[What to produce] Copy each line of the entries beneath that contains the word "inside".
====== Supplied records ======
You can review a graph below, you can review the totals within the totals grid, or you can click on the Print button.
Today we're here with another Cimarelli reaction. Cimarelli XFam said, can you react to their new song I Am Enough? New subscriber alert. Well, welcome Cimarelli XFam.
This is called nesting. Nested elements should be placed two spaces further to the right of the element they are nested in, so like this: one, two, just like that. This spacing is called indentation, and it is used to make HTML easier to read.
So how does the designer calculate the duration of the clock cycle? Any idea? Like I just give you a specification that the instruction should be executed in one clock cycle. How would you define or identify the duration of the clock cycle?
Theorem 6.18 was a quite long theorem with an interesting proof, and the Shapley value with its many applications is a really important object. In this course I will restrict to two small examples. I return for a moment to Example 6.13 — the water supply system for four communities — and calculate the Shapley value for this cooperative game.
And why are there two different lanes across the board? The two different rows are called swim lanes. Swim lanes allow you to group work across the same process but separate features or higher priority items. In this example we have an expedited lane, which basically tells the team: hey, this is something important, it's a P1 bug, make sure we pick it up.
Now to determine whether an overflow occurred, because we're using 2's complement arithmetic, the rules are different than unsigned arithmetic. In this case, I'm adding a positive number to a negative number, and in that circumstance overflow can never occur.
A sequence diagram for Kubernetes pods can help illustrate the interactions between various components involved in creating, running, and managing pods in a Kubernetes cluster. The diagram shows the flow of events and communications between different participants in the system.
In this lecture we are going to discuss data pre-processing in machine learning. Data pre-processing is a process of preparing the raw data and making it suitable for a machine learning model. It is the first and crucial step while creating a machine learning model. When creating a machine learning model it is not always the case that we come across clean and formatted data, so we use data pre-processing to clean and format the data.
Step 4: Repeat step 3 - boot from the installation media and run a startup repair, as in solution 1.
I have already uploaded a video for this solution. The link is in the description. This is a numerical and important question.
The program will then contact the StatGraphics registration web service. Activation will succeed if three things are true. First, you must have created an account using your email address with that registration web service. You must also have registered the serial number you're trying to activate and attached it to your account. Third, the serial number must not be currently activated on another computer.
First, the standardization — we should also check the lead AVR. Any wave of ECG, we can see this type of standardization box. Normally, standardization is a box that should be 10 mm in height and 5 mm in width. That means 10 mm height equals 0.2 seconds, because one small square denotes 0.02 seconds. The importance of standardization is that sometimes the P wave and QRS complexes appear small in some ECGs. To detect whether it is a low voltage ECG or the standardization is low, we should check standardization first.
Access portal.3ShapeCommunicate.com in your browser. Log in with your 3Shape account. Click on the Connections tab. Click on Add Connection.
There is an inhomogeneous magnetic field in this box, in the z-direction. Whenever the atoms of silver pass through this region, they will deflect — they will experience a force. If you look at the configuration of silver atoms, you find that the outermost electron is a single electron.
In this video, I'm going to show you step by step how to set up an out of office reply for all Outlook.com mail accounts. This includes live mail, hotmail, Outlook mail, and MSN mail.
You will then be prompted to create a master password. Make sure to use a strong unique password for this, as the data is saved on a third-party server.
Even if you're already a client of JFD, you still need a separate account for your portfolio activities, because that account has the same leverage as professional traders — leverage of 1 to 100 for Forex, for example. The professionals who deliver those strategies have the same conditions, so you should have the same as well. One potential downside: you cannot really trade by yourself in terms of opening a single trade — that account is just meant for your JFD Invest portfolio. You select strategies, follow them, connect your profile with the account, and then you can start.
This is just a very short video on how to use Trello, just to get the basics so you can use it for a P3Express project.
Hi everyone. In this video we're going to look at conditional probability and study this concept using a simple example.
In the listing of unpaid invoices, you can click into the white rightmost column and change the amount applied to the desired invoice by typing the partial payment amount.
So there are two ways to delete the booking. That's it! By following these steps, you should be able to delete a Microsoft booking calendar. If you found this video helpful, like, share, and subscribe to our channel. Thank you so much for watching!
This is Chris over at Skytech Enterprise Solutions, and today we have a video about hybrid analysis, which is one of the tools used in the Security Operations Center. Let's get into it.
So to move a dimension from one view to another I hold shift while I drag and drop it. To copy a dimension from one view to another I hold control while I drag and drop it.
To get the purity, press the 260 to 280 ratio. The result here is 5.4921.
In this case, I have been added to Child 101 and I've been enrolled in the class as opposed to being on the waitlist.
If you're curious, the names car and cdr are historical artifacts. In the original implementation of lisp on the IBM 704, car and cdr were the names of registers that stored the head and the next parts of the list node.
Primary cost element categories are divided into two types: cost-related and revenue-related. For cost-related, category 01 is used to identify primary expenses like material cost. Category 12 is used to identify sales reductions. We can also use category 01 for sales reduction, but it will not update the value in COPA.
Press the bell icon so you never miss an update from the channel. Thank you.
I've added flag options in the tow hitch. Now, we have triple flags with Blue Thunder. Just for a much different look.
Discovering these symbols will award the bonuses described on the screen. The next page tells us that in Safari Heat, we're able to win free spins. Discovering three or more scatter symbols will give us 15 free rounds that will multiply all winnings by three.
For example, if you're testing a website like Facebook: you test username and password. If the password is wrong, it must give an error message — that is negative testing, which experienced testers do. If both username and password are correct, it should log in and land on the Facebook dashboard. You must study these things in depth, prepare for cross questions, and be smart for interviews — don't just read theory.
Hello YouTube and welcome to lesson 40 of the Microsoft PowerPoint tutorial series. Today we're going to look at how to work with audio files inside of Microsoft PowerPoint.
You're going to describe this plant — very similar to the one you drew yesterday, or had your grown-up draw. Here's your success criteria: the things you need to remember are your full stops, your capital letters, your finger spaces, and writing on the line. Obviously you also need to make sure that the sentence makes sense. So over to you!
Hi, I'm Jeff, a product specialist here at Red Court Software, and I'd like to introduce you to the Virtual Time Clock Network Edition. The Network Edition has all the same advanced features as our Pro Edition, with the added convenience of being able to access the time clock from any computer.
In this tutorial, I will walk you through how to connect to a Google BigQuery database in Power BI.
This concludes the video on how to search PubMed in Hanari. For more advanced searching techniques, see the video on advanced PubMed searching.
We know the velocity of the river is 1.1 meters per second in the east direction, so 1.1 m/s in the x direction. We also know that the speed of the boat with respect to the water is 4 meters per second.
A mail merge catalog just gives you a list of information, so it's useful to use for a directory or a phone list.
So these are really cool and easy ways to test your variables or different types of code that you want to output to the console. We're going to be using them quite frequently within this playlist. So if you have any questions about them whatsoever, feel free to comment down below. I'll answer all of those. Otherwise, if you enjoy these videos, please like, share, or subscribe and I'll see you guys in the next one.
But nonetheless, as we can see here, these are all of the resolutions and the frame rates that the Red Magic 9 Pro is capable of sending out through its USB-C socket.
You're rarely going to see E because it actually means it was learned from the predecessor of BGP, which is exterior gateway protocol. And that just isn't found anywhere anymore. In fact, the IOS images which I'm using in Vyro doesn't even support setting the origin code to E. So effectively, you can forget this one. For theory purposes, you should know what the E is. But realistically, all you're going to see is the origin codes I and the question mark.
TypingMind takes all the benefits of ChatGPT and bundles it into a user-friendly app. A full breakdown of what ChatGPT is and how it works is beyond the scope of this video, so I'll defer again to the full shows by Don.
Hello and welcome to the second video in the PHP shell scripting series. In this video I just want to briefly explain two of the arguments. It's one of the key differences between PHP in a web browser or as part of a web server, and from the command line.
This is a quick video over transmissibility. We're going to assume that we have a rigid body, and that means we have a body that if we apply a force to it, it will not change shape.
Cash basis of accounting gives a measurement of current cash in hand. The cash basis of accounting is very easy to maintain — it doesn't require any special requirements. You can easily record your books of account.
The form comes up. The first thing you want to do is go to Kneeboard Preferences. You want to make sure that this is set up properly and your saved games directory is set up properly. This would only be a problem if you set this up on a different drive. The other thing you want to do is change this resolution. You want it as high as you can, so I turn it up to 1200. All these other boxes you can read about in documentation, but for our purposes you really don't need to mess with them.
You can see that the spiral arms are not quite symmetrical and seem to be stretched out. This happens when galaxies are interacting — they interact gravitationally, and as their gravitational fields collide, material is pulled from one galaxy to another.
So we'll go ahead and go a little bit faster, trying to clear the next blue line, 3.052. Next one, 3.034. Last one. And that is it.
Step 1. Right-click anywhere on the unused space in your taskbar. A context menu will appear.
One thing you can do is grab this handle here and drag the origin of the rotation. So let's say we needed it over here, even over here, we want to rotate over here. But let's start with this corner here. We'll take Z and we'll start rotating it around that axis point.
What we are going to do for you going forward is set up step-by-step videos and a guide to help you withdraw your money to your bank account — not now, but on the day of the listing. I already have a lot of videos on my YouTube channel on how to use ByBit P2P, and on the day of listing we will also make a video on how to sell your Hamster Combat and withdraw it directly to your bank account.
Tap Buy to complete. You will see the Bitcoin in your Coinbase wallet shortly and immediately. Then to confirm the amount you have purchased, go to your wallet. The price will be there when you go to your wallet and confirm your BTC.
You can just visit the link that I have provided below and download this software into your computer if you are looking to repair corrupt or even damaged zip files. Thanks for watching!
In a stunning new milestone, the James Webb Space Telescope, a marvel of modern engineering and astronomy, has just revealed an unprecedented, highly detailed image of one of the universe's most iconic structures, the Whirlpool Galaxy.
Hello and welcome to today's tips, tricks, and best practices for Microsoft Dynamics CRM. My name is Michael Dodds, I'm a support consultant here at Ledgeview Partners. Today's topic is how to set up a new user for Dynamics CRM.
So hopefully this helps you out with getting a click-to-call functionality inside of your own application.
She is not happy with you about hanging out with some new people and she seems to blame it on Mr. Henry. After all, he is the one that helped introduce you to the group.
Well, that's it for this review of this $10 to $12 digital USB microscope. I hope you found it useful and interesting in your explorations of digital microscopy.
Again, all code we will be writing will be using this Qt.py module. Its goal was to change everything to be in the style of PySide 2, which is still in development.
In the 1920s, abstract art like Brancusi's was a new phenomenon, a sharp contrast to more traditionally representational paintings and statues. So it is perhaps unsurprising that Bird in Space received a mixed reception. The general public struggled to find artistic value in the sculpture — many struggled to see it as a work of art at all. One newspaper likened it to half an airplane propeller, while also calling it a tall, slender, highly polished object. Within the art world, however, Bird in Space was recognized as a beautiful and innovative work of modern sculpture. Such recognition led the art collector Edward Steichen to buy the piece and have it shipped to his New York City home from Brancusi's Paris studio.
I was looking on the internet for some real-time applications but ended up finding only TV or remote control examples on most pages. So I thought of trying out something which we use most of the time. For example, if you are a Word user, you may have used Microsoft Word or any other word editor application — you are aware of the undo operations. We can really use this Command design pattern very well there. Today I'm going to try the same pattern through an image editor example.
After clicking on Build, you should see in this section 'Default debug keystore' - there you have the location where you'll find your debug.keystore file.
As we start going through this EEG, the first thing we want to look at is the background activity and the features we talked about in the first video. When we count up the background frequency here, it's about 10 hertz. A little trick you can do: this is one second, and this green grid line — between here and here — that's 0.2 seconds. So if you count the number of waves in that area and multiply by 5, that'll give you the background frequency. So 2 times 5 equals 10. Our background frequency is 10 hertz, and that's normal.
======
[Answer for this exercise]
Hello YouTube and welcome to lesson 40 of the Microsoft PowerPoint tutorial series. Today we're going to look at how to work with audio files inside of Microsoft PowerPoint.
So hopefully this helps you out with getting a click-to-call functionality inside of your own application.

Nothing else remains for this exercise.